June 29, 2018
Important Information for Blood Establishments Regarding Brodifacoum Contamination of Synthetic Cannabinoids
The Food and Drug Administration (FDA) has recently received several reports of Source Plasma donors who used synthetic cannabinoids contaminated with brodifacoum, which is an anticoagulant commonly used as a rodenticide. Source Plasma is used for further manufacturing into plasma-derived products, and it is not directly transfused into individual patients.
To date, FDA has not received any reports of brodifacoum contamination of blood components intended for transfusion. Individuals who have used synthetic cannabinoids (e.g. “fake weed”, “spice”, “K2”) contaminated with brodifacoum can experience severe abnormalities in coagulation because of the long-acting vitamin K antagonist activity of brodifacoum. Consequently, potential safety concerns exist for both the blood donor and the donated blood components. FDA is providing the following information and considerations in response to questions from blood and Source Plasma establishments on this new information.
To be eligible for donation, all blood donors must be in good health and are subject to the donor eligibility requirements set forth in FDA regulations (21 CFR 630.10 and 630.15). A potential donor is not eligible if a blood establishment identifies any factor that may cause the donation to adversely affect the health of the donor or the safety of the blood component (21 CFR 630.10 (a)). The blood establishment’s responsible physician should decide how to address a donor who presents with a history of synthetic cannabinoid use, and whether to screen all donors for a history of synthetic cannabinoid use based on the ongoing risks in their respective regions.

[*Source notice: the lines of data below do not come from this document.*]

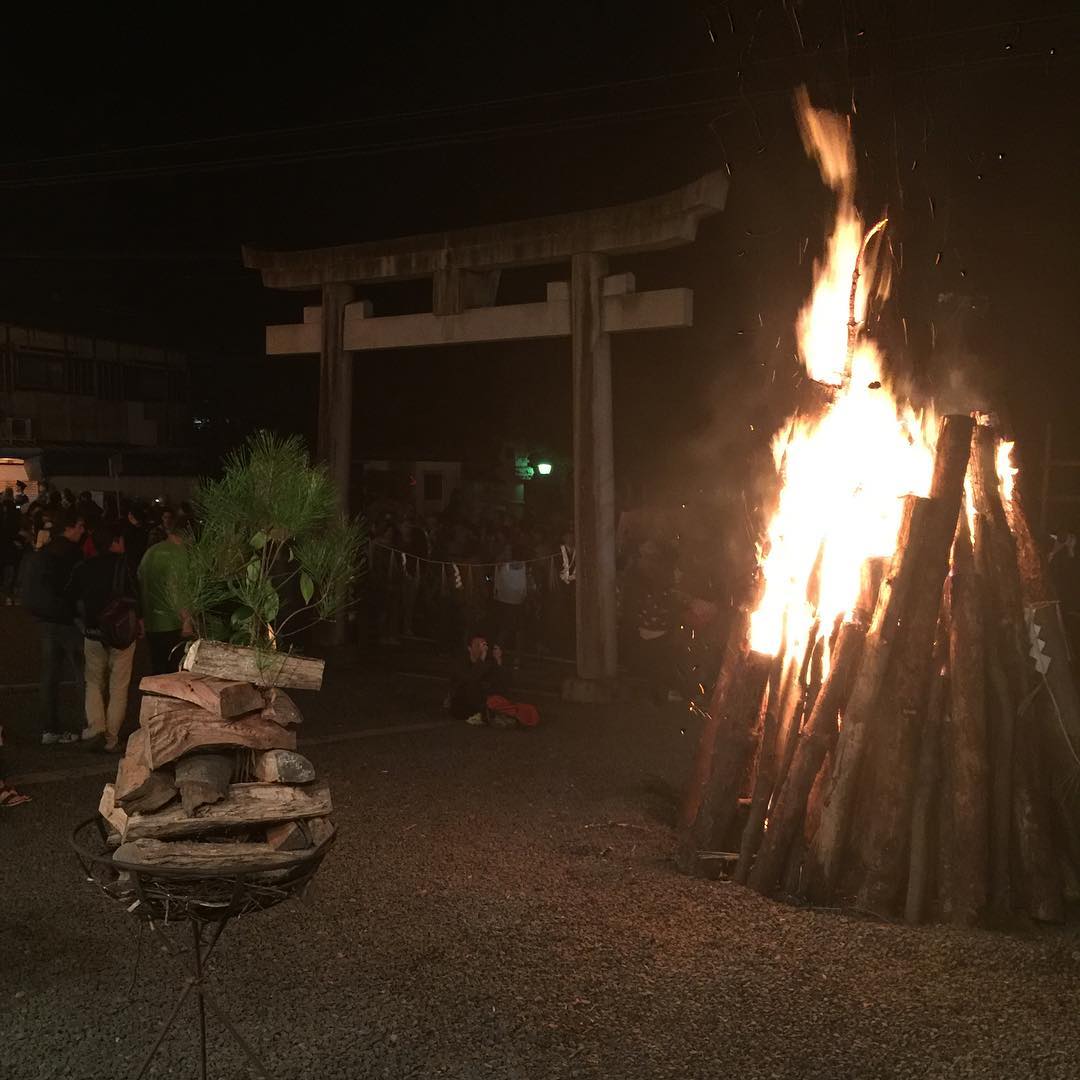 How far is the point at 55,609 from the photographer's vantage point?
9.27 meters

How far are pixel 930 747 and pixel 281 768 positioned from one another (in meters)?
3.77

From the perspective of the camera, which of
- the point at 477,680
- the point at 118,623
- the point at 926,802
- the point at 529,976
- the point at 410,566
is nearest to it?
the point at 529,976

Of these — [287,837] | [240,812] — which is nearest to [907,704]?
[287,837]

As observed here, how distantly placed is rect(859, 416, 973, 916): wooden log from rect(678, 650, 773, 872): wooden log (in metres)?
0.83

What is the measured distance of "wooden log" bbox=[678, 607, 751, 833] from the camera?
22.1 ft

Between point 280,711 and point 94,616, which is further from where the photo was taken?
point 94,616

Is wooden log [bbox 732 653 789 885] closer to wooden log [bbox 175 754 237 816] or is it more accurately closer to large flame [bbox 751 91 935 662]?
large flame [bbox 751 91 935 662]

FDA is aware that some blood establishments have implemented donor education and donor deferral strategies to address the potential risks of brodifacoum contamination. These strategies include displaying posters and distributing flyers to inform donors of the dangers of synthetic cannabinoids. In some establishments, donors have been asked to acknowledge their reading of the newly provided information and report if the information pertains to them. Some blood establishments have elected to add questions to the donor history questionnaire and institute deferral periods of up to one year following use of synthetic cannabinoids.

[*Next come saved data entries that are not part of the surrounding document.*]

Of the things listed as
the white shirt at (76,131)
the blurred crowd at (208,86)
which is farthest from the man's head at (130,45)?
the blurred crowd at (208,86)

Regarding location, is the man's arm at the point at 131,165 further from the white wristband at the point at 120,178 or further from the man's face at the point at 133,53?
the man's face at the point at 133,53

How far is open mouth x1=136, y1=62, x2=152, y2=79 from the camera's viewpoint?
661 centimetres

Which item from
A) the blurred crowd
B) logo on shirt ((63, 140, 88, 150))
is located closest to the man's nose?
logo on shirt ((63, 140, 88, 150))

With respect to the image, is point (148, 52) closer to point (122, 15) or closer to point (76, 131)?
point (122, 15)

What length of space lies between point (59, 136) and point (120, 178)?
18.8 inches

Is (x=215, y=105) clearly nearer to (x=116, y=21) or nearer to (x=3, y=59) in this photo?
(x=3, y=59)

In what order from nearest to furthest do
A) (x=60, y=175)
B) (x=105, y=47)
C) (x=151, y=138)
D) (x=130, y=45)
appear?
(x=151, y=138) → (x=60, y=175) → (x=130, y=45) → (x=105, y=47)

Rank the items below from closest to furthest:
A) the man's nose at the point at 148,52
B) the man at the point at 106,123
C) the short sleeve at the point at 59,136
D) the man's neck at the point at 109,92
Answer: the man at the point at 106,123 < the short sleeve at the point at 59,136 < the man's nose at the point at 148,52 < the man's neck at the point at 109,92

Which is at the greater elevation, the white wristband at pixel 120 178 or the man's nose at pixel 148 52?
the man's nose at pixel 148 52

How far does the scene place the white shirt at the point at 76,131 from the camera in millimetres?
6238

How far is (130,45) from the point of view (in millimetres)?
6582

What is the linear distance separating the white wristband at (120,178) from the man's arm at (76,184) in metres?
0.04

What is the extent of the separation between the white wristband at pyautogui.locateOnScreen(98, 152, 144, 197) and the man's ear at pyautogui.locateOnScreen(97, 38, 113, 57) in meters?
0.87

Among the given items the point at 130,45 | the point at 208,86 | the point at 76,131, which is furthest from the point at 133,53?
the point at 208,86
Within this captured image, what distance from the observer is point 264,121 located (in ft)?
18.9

If a donor voluntarily reports use of synthetic cannabinoids, the blood establishment may wish to consider counseling the donor on the health consequences of brodifacoum contamination and the importance of seeking appropriate medical care.
Blood components intended for transfusion or further manufacture may carry a risk if collected from a donor exposed to brodifacoum. These risks, if any, remain uncertain. Therefore, blood establishments that receive post-donation information that a donor has used synthetic cannabinoids may wish to consider whether to quarantine undistributed, in-date blood components that have not been pooled for manufacture dating back six months, and whether to notify consignees to quarantine such components so they will not be transfused or used for further manufacture.
With respect to plasma that has already been pooled for further manufacture or plasma derivatives manufactured from such donations, typical manufacturing protocols for plasma derivative products include pooling plasma from large numbers of donors. The pooling would result in dilution of potential brodifacoum contamination.
Blood establishments may wish to consider communicating with their respective Departments of Health concerning brodifacoum contamination. To date, most cases of brodifacoum contamination of synthetic cannabinoids have occurred in the Midwest region. For further information on the topic and the latest updates, blood establishments can visit the Centers for Disease Control and Prevention website or contact their local Department of Health.